Segment Start: DATA FOR THIS TASK
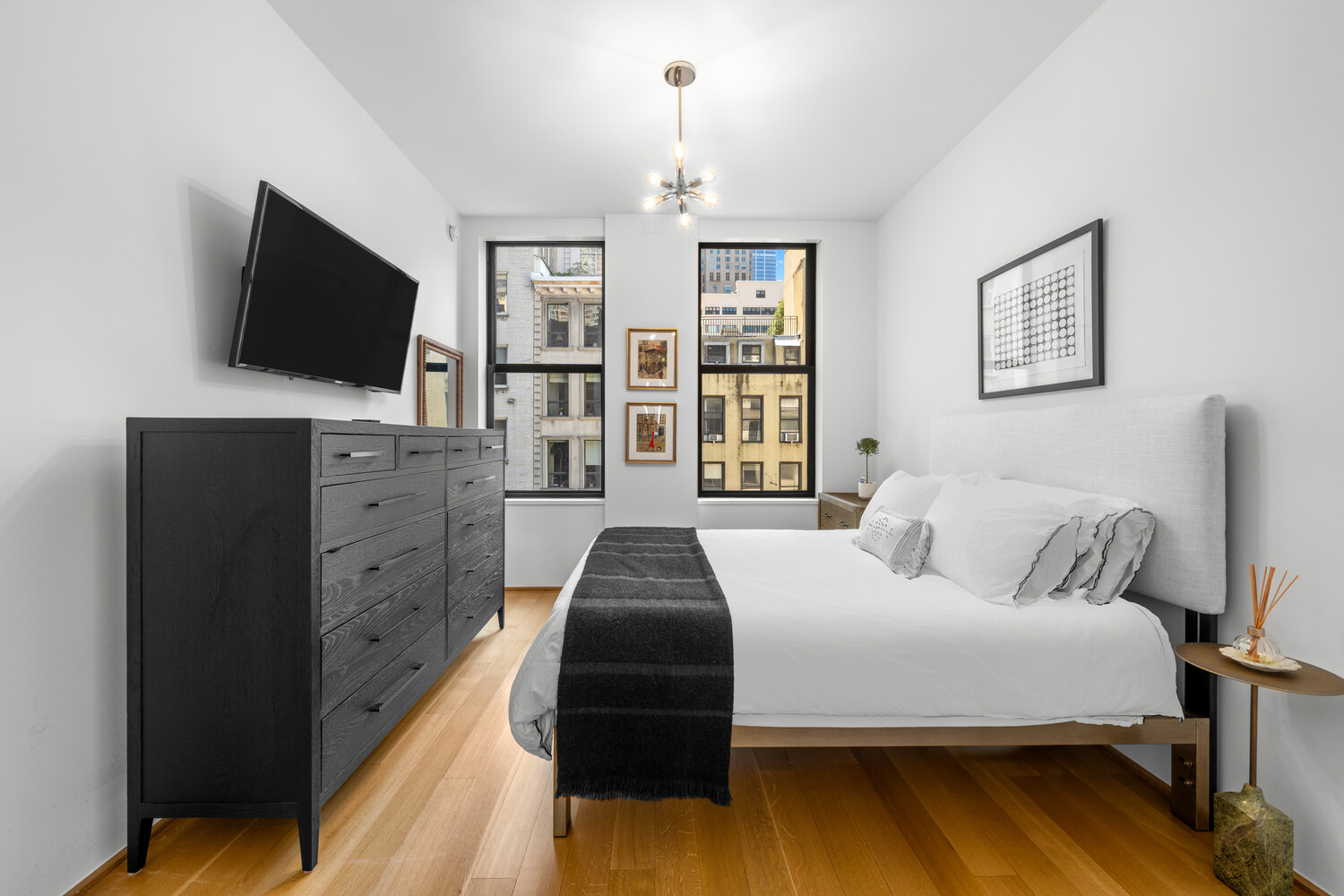 71 Reade Street, Unit 4C Manhattan, NY 10007 - Photo 7 of 12 a bedroom with a bed and a flat screen tv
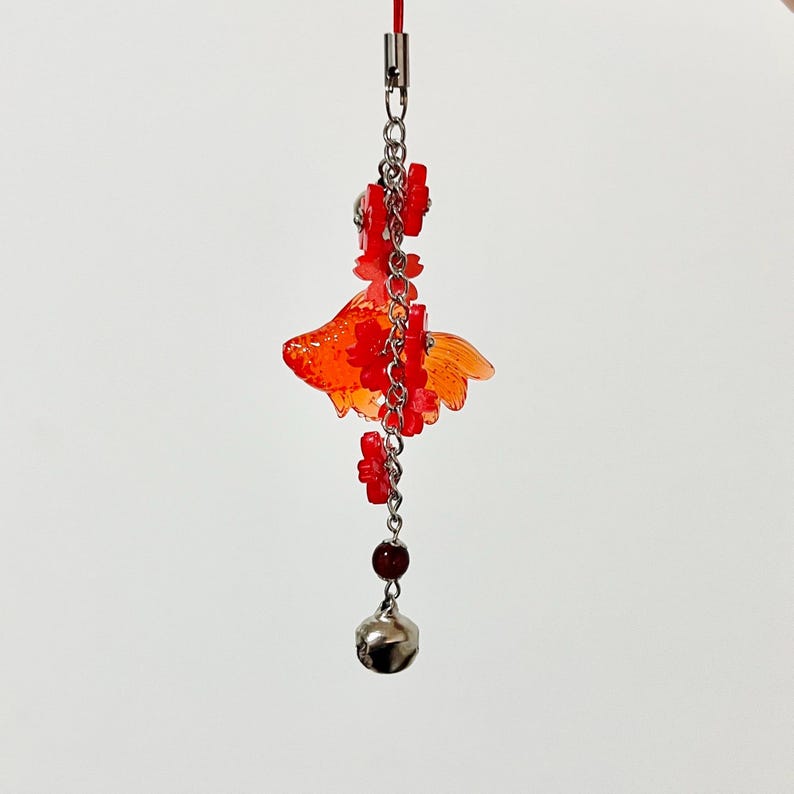 May include: A red and orange goldfish charm with a silver chain, small red flower accents, a dark red bead, and a silver bell. The charm is suspended from a red cord, creating a decorative accessory.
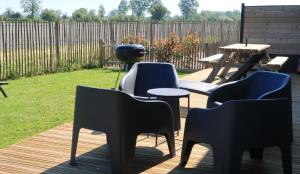 a group of chairs and tables on a deck at Cottage Le Phare in Mont-Dol +42 photos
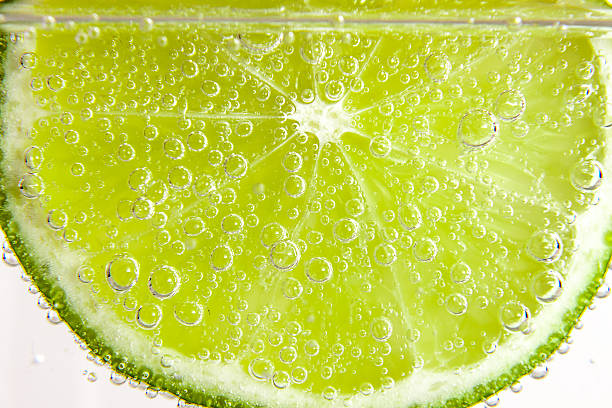 istock slice of lime  in the water with bubbles 495060891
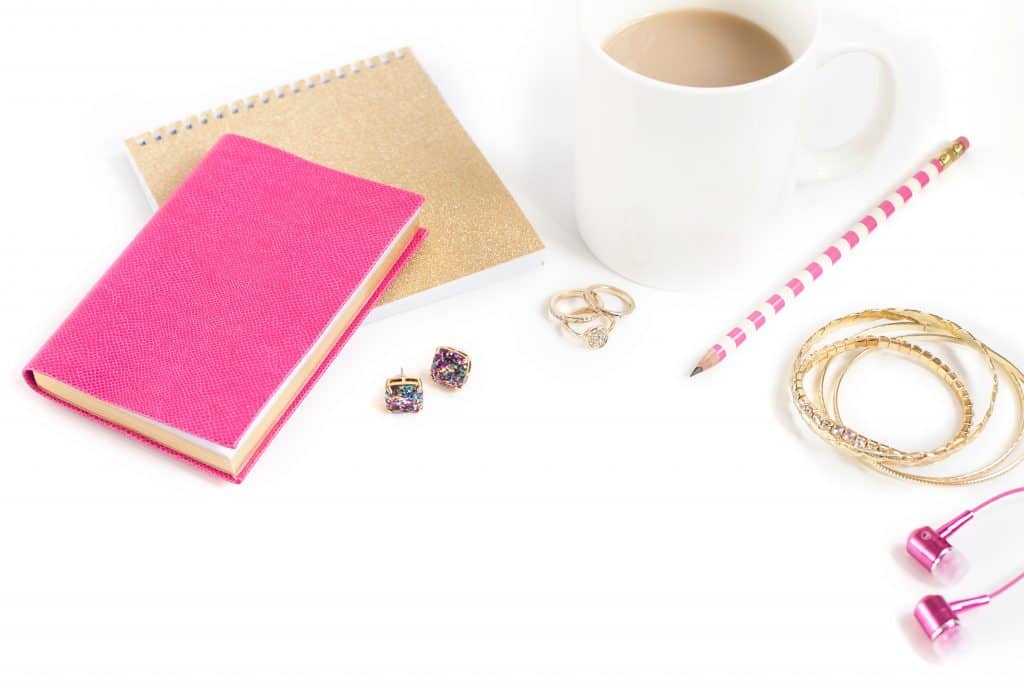 Flatlay image with notebook, envelope, pencil, coffee cup and jewelry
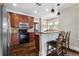 Modern kitchen with stainless steel appliances, granite countertops, and hardwood floors at 4016 N Seminole Ave, Tampa, FL 33603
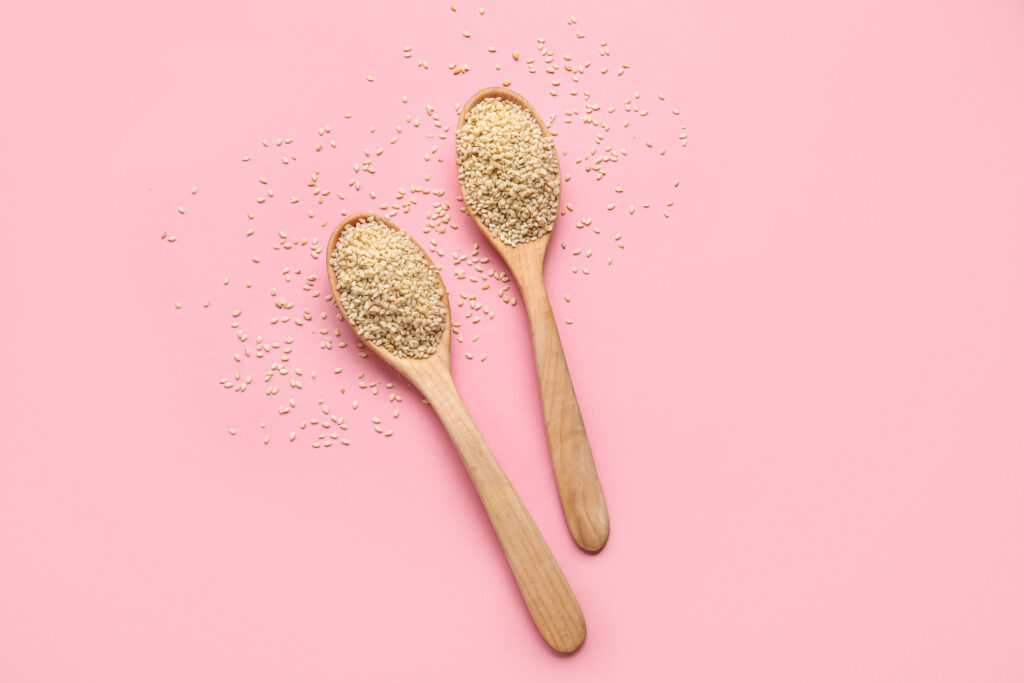sesame seed in two spoons over a pink background,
Segment End: DATA FOR THIS TASK
> _EXERCISE OBJECTIVE_:
What the answer needs is every record above, exactly as written, and no pictures.

> _SOLUTION TO THE EXERCISE_:
 71 Reade Street, Unit 4C Manhattan, NY 10007 - Photo 7 of 12 a bedroom with a bed and a flat screen tv
 May include: A red and orange goldfish charm with a silver chain, small red flower accents, a dark red bead, and a silver bell. The charm is suspended from a red cord, creating a decorative accessory.
 a group of chairs and tables on a deck at Cottage Le Phare in Mont-Dol +42 photos
 istock slice of lime  in the water with bubbles 495060891
 Flatlay image with notebook, envelope, pencil, coffee cup and jewelry
 Modern kitchen with stainless steel appliances, granite countertops, and hardwood floors at 4016 N Seminole Ave, Tampa, FL 33603
sesame seed in two spoons over a pink background,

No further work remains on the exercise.